The Company evaluates and determines the risk associated with an
uninsured claim. In the event the Company determines that an uninsured claim
has potential liability, the Company establishes an appropriate reserve. The
Company does not establish a reserve if its determines that the claim has no
merit. The Company's historical levels of insurance coverage and reserves
have been shown to be adequate. However, a partially or completely uninsured
claim, if successful and of significant magnitude, could have a material
adverse effect on the Company.
SIGNIFICANT COMPETITION. The market for the Company's services is highly
competitive. The Company competes with many other firms, ranging from small
local firms to large national firms having greater financial and marketing
resources than the Company. The Company performs engineering and consulting
services across a broad spectrum of business areas, primarily in the resource
management, infrastructure, and the telecommunication service business areas.

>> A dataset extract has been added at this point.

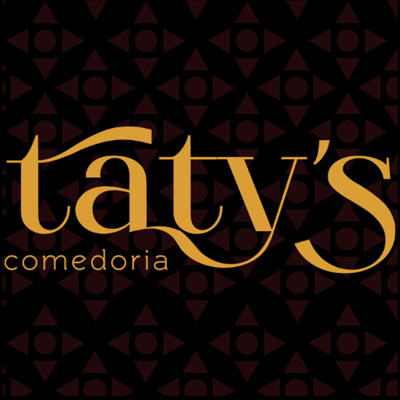 Logo-Sorveteria - Menu Taty's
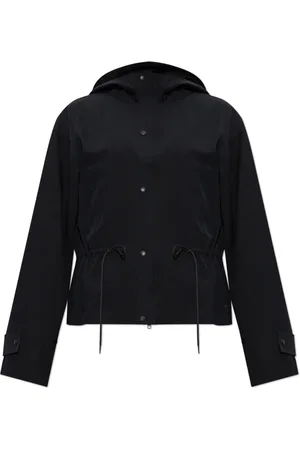 Y-3 Mujer, Chaquetas, Negro, Talla: M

Services within these business areas are provided to a client base including
Federal (Departments of Defense, Interior and Energy; U.S. Environmental
Protection Agency; and the U.S. Post Office), state and local agencies, as
well as the commercial sector. The range of competitors for any one
procurement can vary from ten to 100 firms, depending upon the relative value
of the project, the financial terms and risks associated with the work, and
any restrictions placed upon competition by the customer. Historically,
competition has been based primarily on the quality and timeliness of
service. However, the Company believes that price has become an increasingly
important competitive factor. The Company believes that its principal
competitors include Dames & Moore, Inc., E.A. Engineering Science &
Technology, ICF Kaiser International, Inc., International Technology Corp.,
TRC Companies, Inc., URS Consultants, Inc., Roy F. Weston, Inc., Castle Tower
Corporation and OSP Consultants, Inc.
CONTRACTS. The Company's contracts with Federal and State governments
and some of its other client contacts are subject to termination at the
discretion of the client. Some contracts made with the Federal government
are subject to annual approval of funding and audits of the Company's rates.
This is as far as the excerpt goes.